## Task prompt
The lines to copy run from the one containing "Used 2025 Carbon" to the last line of the entries; output those lines exactly and only them, without pictures.

————

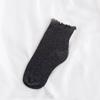 Fashion Retro Shining Surface Daily Women's Socks Sweet Girl Rib Knit Summer Autumn Female Simple Sock
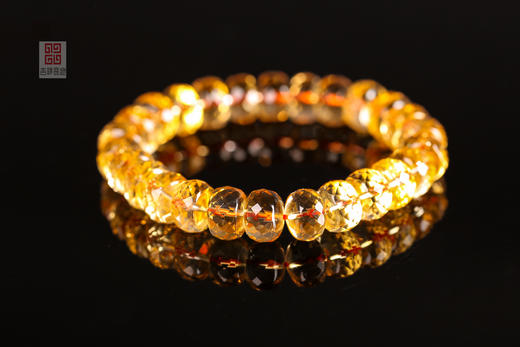 吉祥天地    天然黄水晶手链 商品图0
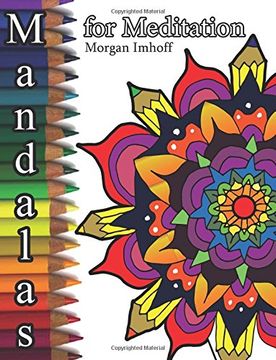 portada Mandala's for Meditation: 50 hand drawn Mandalas adult coloring book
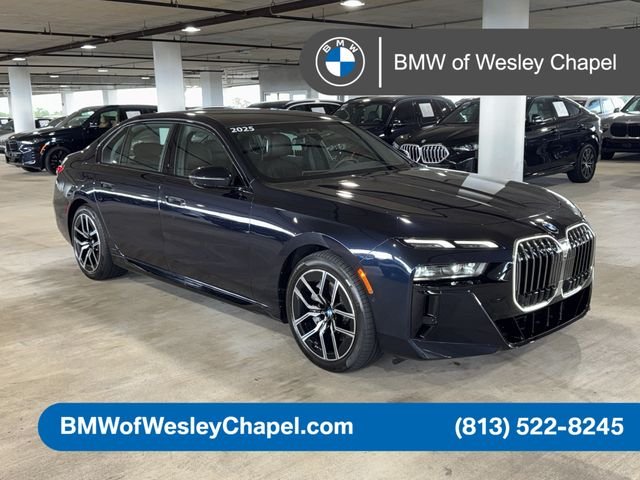 Used 2025 Carbon Black Metallic BMW 740i image 1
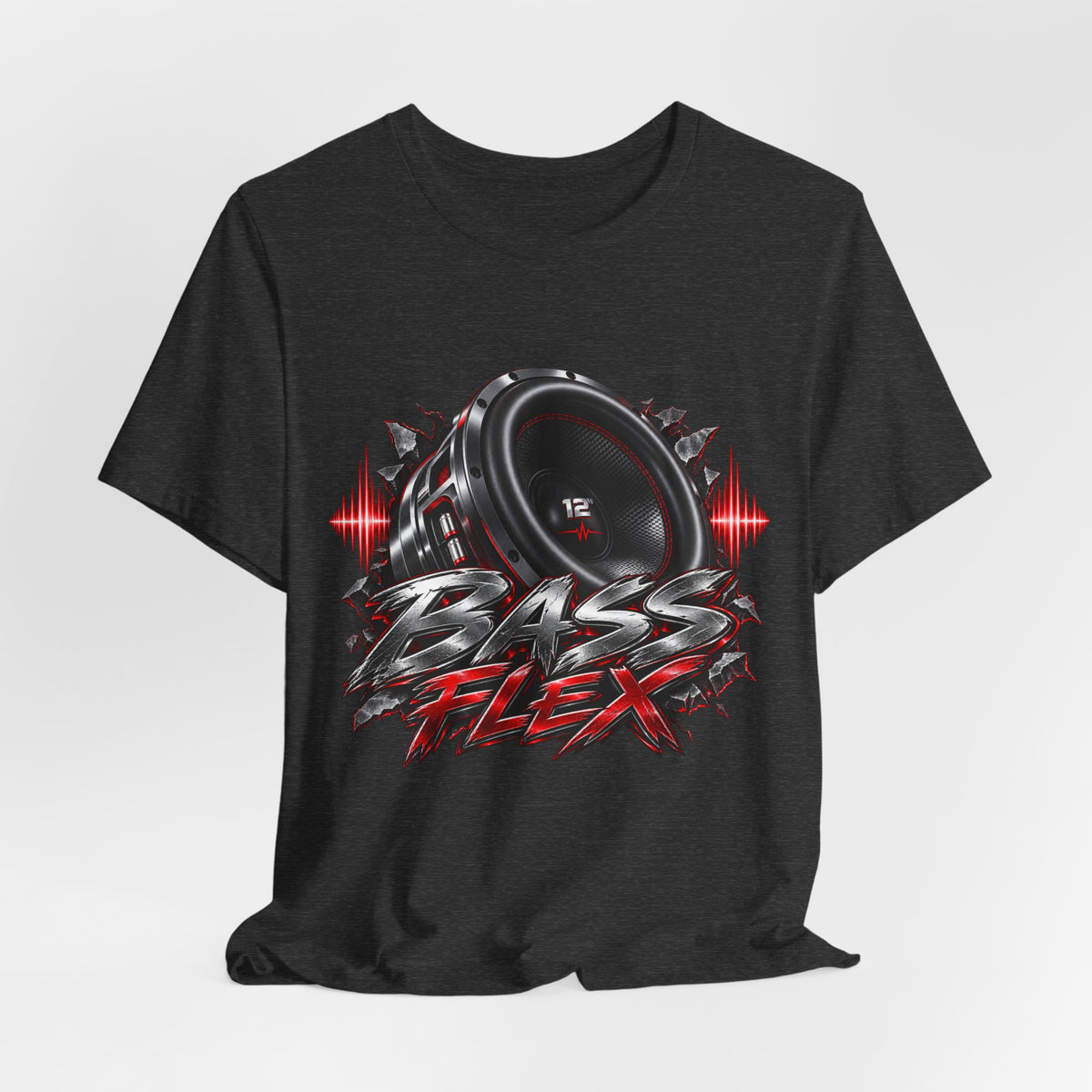 Bass Flex T-Shirt – Car Audio Subwoofer Graphic Tee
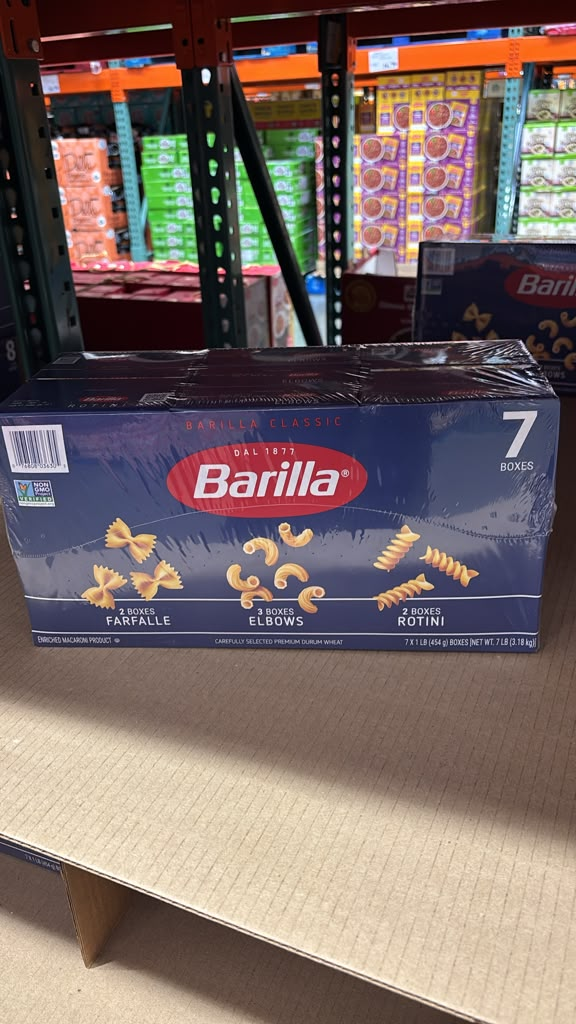 BC057 Barilla 經典義大利麵7盒裝(蝴蝶麵x2+通心粉x3+螺絲麵x2) exp2028.10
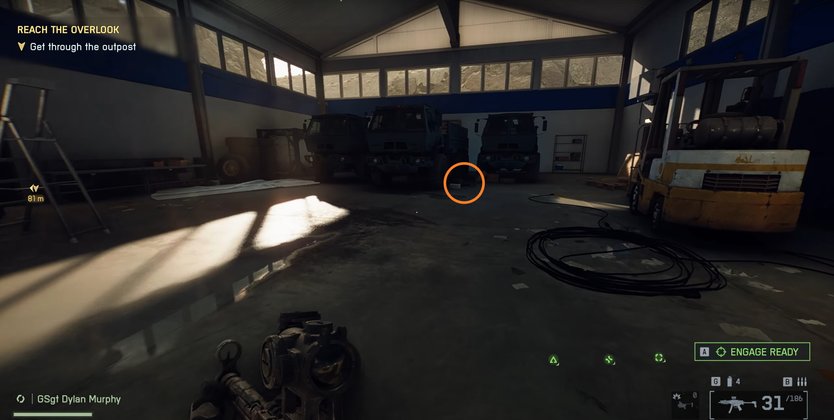 Das Bild zeigt den Fundort einer Marke in Battlefield 6.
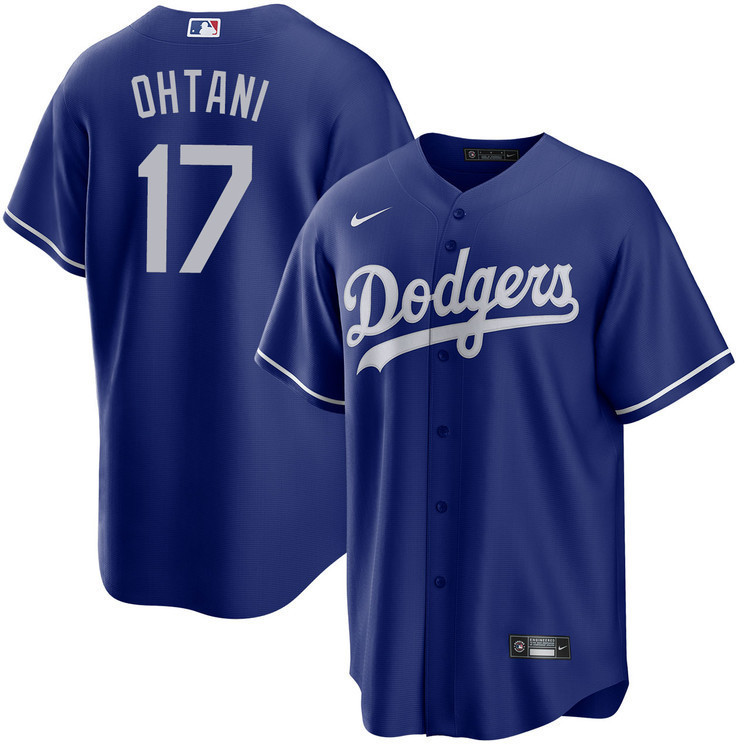 Shohei Ohtani 17 Los Angeles Dodgers Alternate Jersey - Men Royal Jersey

————

## Reply to the task
 Used 2025 Carbon Black Metallic BMW 740i image 1
 Bass Flex T-Shirt – Car Audio Subwoofer Graphic Tee
 BC057 Barilla 經典義大利麵7盒裝(蝴蝶麵x2+通心粉x3+螺絲麵x2) exp2028.10
 Das Bild zeigt den Fundort einer Marke in Battlefield 6.
 Shohei Ohtani 17 Los Angeles Dodgers Alternate Jersey - Men Royal Jersey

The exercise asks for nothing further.